EXERCISE INSTRUCTIONS:
What you return must be the full data, repeated verbatim, with no pictures in it.

PROVIDED DATA:
-----

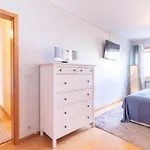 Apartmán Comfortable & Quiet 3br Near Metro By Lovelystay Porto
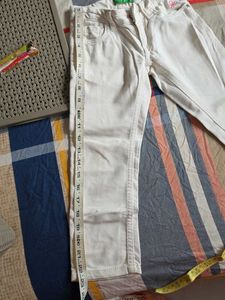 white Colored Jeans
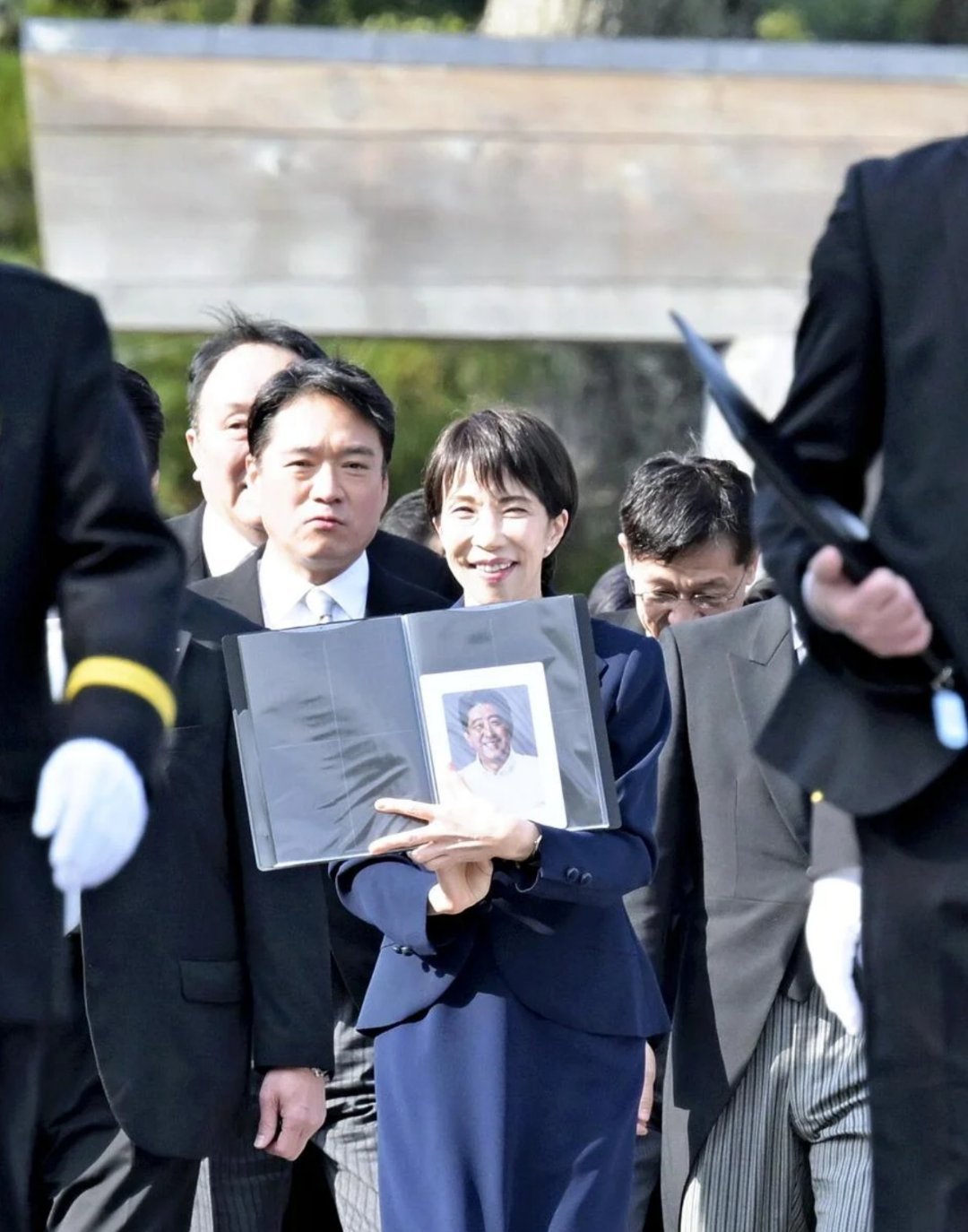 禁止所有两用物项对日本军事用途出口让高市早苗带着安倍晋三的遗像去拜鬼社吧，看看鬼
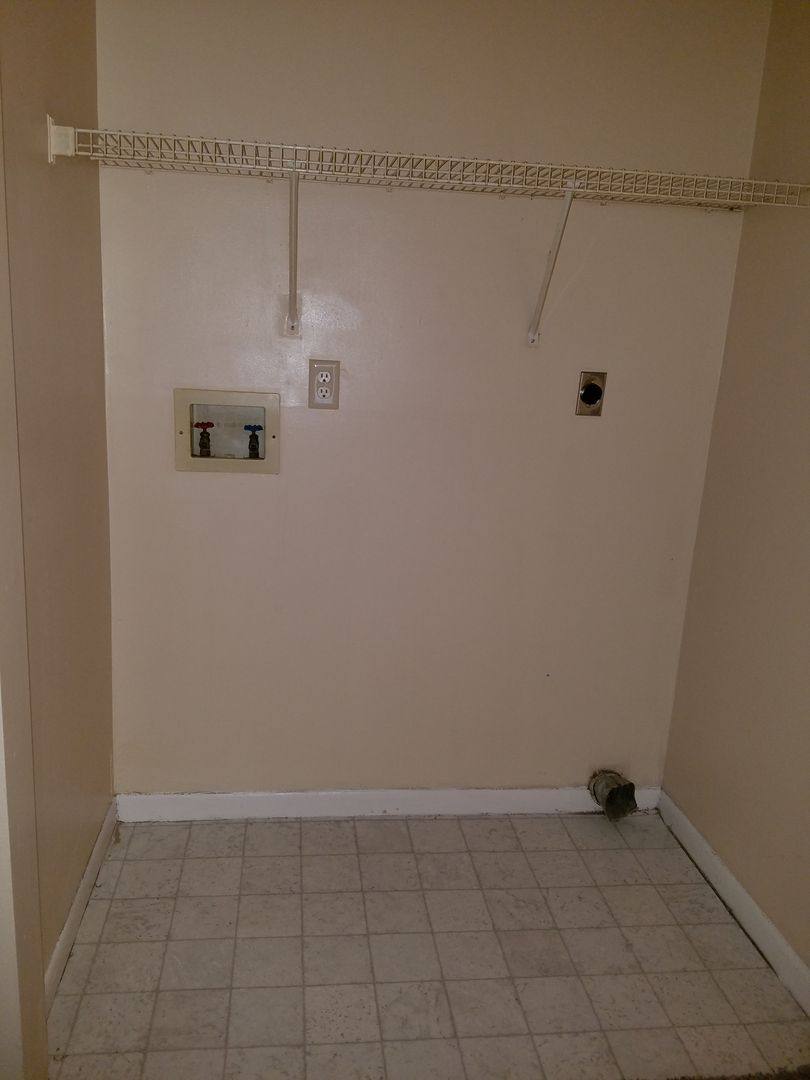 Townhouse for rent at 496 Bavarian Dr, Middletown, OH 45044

-----

WRITTEN SOLUTION:
 Apartmán Comfortable & Quiet 3br Near Metro By Lovelystay Porto
 white Colored Jeans
 禁止所有两用物项对日本军事用途出口让高市早苗带着安倍晋三的遗像去拜鬼社吧，看看鬼
 Townhouse for rent at 496 Bavarian Dr, Middletown, OH 45044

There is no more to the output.